Dans son travail il confronte le végétal et l’architecture dans des univers en ruine, désincarnés, déshabités, où la végétation reste le seul élément à figurer le vivant. Il présente dans le cadre de cette exposition trois séries. Dans la série, Sans titre, l’architecture est récente et le végétal, haut, fort et abondant, se reflète et s’intègre à l’habitat. La seconde, Les Floralies, est un ensemble architectural des années 70 destiné à être détruit, où la végétation, que l’on suppose initialement amenée et maitrisée par l’Homme, semble désormais, en son absence, commencer sa lente extension. La 3ème série, H14, est en noir et blanc. Le végétal a disparu, la destruction arrive. La ruine est en suspension.
Ces trois séries d’Antoine Guilhem-Ducléon font écho à la série des Natures Mourantes n°1 de Jean-Louis Rullaud. « La vitesse est au temps ce que la pourriture est au fruit». La série interroge les changements d’états de la matière vivante consommable. Le sujet de ces photographies, la décomposition, contraste avec la mise en scène très maitrisée, quasi picturale, et l’esthétique volontairement léchée de la photographie, qui transforment ces fruits, légumes et poissons pourrissants en objet précieux. Le rapport au corps humain, à son inextricable chute vers l’avant, est là. A travers ces Memento Mori, c’est notre rapport au temps que questionne l’artiste. La vitesse qui régente la vie de l’Homme aujourd’hui, sa productivité attendue, l’empêchent de jouir de l’instant. Cette question revient également dans la série Natures Mourantes n°2, qui donne à voir ce que l’homme ne voit plus. «Comme un projectile dans l’espace je fuse vers l’avenir ». La vitesse et le temps imbriqués transforment la perception de l’espace. Jean-Louis Rullaud réinterprète, par la couleur, ses photographies de paysages, en une nature inquiétante, étrange, mourante.
Dans la perception humaine, le temps et l’espace ont toujours tendance à être dissociés, le temps à être perçu seulement comme un concept qui n’a pas de réalité physique, menant la vie à ses décompositions matérielles et immatérielles.

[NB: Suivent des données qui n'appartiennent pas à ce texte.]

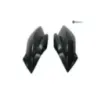 Cache carenage face avant SUZUKI GSXS 750 2017-2021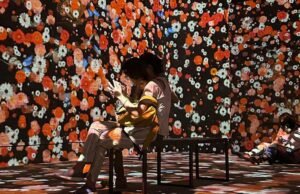 Monet vive no Colón com exposições fascinantes para adultos e crianças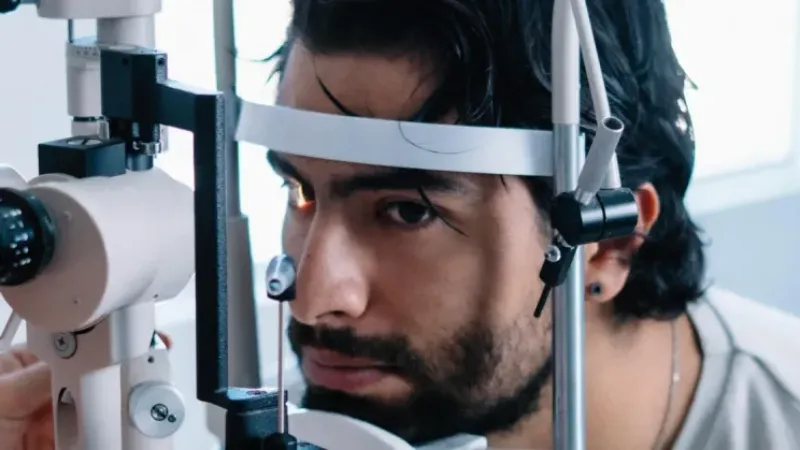 Türkiye’de glokom alarmı: Yüz binlerce kişiye tanı konuldu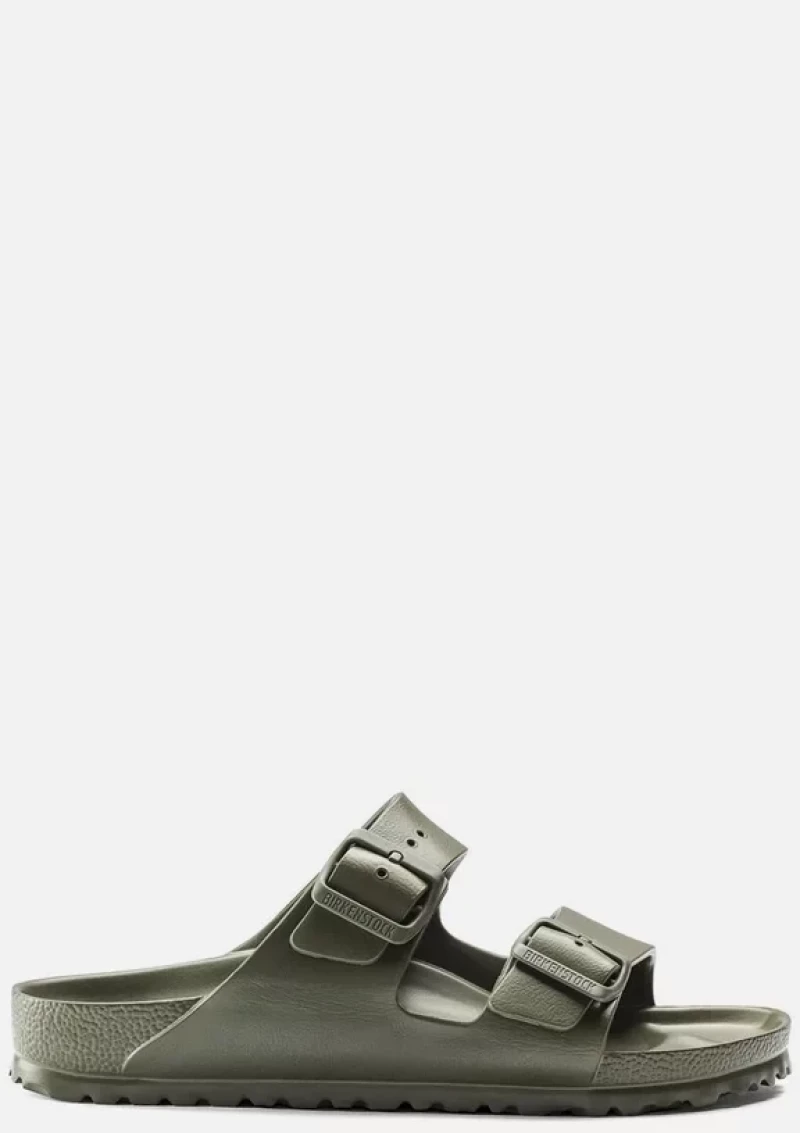 BIRKENSTOCK ARIZONA EVA 1019152 ΧΑΚΙ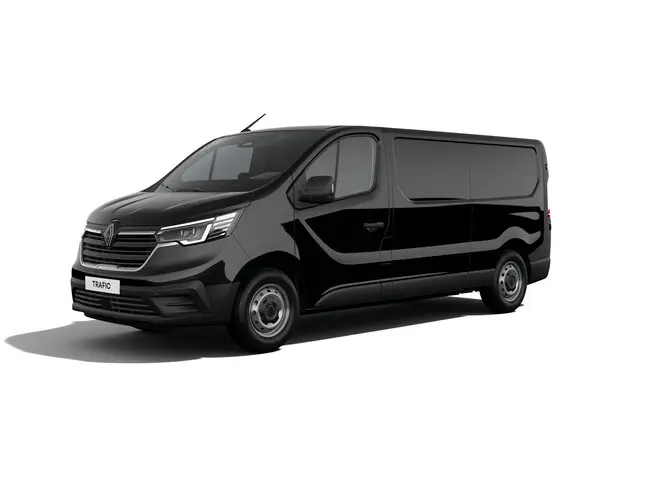 Renault Trafic - 0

Jean-Louis Rullaud et Antoine Guilhem-Ducléon intègrent dans leur travail l’équation « temps » sous ses différents aspects: le temps qui passe, le temps passé, le temps futur mettant en parallèle les variations des états de la matière vivante, l’Homme et son environnement, l’Homme et son habitat. Métaphores parfois sensuelles du corps avec la nature. Métaphores souvent plus difficiles de la création humaine, figurée par un urbanisme en expansion, mal pensé, qui finit par être détruit et celle de la flore, mourante qui disparait aussi du fait de l’Homme.
Ces projets photographiques questionnent à la fois la forme et le sens. Recherche sur le transitoire de la vie, sur la vitesse et le temps comme matière, qui intègre et transforme la perception de l’espace et offre des interprétations sensibles de la réalité.
Rupture, un espace-temps, une exposition présentée à Mémoire de l’Avenir du 4 mai au 9 juin 2018.
RUPTURE, subst. fém.
Action de rompre ou de se rompre; résultat de cette action.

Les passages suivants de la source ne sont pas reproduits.